Ya. Relay dapat mengalami crash setelah sistem downstream menerima event tetapi sebelum menandai baris outbox selesai. Konsumen menangani (product_id, source_version) secara idempoten: versi lama tidak memajukan state, versi baru memajukan nilai maksimum dan menghapus nilai cache, serta penghapusan duplikat aman dilakukan. Jaminan yang berguna adalah tidak adanya kehilangan invalidasi tanpa terdeteksi ditambah rekonsiliasi, bukan eksekusi exactly-once.
Lanjutan 4: Bisakah TTL menjadi 30 menit jika CDC menangani invalidasi?
Itu bisa menjadi kompromi (trade-off) yang valid jika bisnis hanya membutuhkan konsistensi eventual dan menerima gangguan invalidasi yang berkepanjangan. Prompt ini menjanjikan paling lama usang 5 detik. TTL 30 menit melanggar batas tersebut ketika CDC macet kecuali jika sistem secara otomatis melewati cache saat lag invalidasi mendekati 5 detik. Jika tidak, pertahankan batas waktu ketat dalam anggaran.
Lanjutan 5: Lag replika biasanya hanya puluhan milidetik. Mengapa menggunakan primary?
“Biasanya” bukanlah batas atas. Deployment, partisi jaringan, transaksi panjang, dan pemulihan dapat meningkatkan lag. Replika tetap dapat digunakan jika posisi replay-nya terbukti mencakup commit yang diperlukan atau pembacaan membawa versi minimum. Jika itu tidak dapat dibuktikan, arahkan cache miss yang kritis ke primary. Pilihan ini mengikuti kontrak 5 detik dan anggaran kapasitas database.
Lanjutan 6: Mengapa tidak memperbarui PostgreSQL dan Redis sambil menahan satu distributed lock?
Lock hanya membatasi partisipan yang mengikuti protokol tersebut. Lock tidak dapat membuat dua sistem melakukan commit secara atomik, atau menghilangkan risiko crash pemegang lock, habisnya masa lock, partisi jaringan, atau writer database eksternal. Transaksi database menetapkan faktanya, dan invalidasi yang durable memperbaiki sistem kedua. Lock mungkin mengurangi konkurensi pada kunci yang sama, tetapi bukan bukti konsistensi.
Lanjutan 7: Bagaimana cara mempertahankan batas 5 detik saat Redis sama sekali tidak tersedia?

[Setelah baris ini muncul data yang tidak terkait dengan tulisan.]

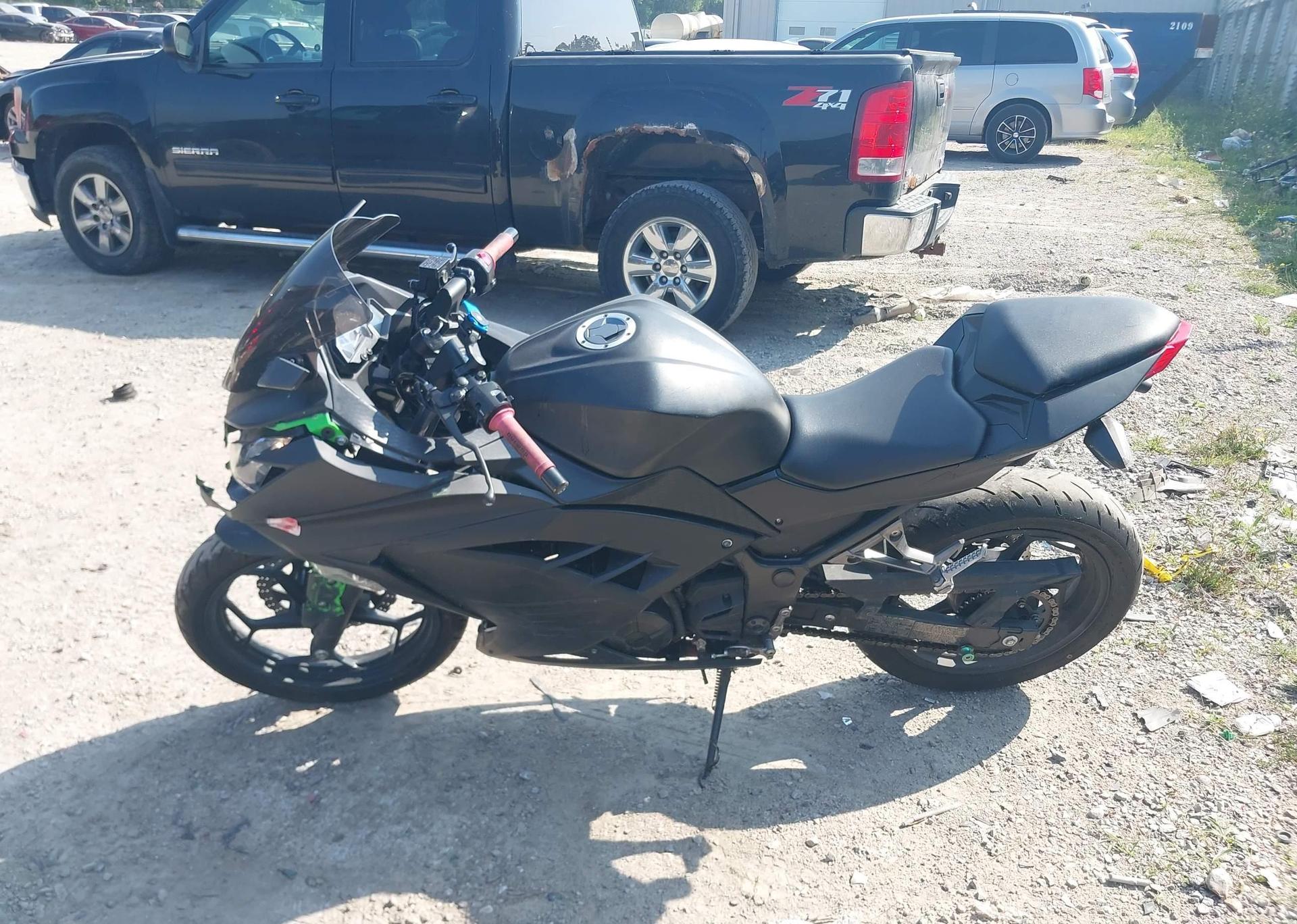 2013 KAWASAKI EX300 A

Pembacaan tampilan melewati Redis, tetapi setiap pembacaan sumber melewati bulkhead dan rate limit database. Jika kapasitas tidak mencukupi, kembalikan hasil degradasi eksplisit atau kegagalan. Salinan lama lokal-proses dapat melayani secara singkat selama masih dalam anggaran 5 detik; setelah itu salinan tersebut didiskualifikasi. Pulihkan sistem dengan pemanasan cache (warming) yang dibatasi lajunya sambil menguras antrean invalidasi agar cache yang dingin tidak membebani database lagi.

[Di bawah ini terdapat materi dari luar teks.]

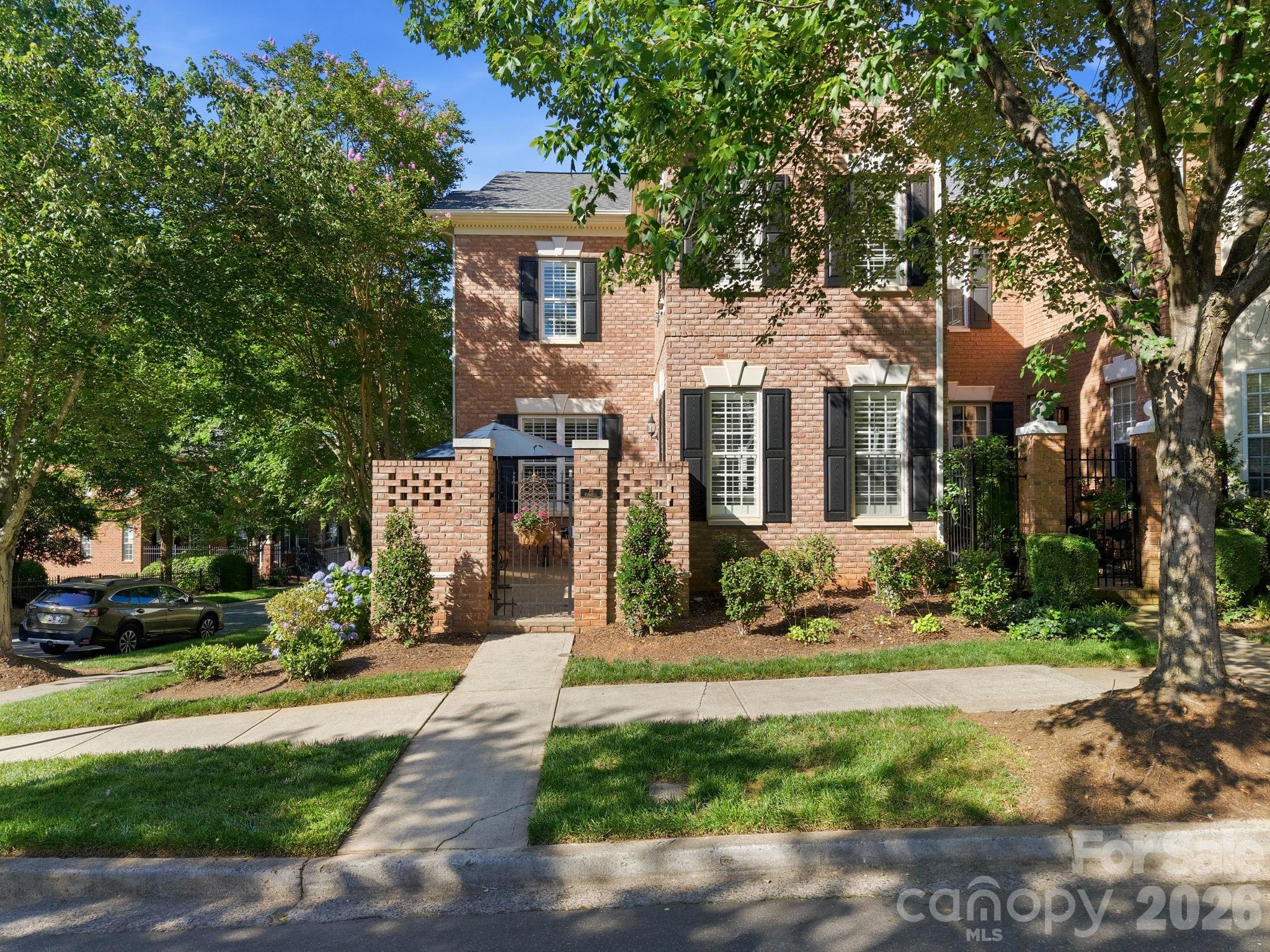 203 Caldwell Lane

Lanjutan 8: Bagaimana cara membuktikan lingkungan produksi tidak memuat nilai usang yang bertahan lama?
Untuk sampel kunci, baca versi sumber database dan versi cache secara bersamaan, lalu catat jarak versi serta usia sejak commit pada sumber data. Lakukan rekonsiliasi perubahan database, progres outbox, dan high-water mark konsumen. Berikan peringatan pada lag invalidasi end-to-end, pekerjaan karantina tertua, dan bypass yang melebihi anggaran. Secara berkala suntikkan kegagalan commit-then-crash, kegagalan perintah Redis, dan jeda replika untuk menunjukkan bahwa gate dan TTL tetap melindungi invarian di bawah kegagalan nyata.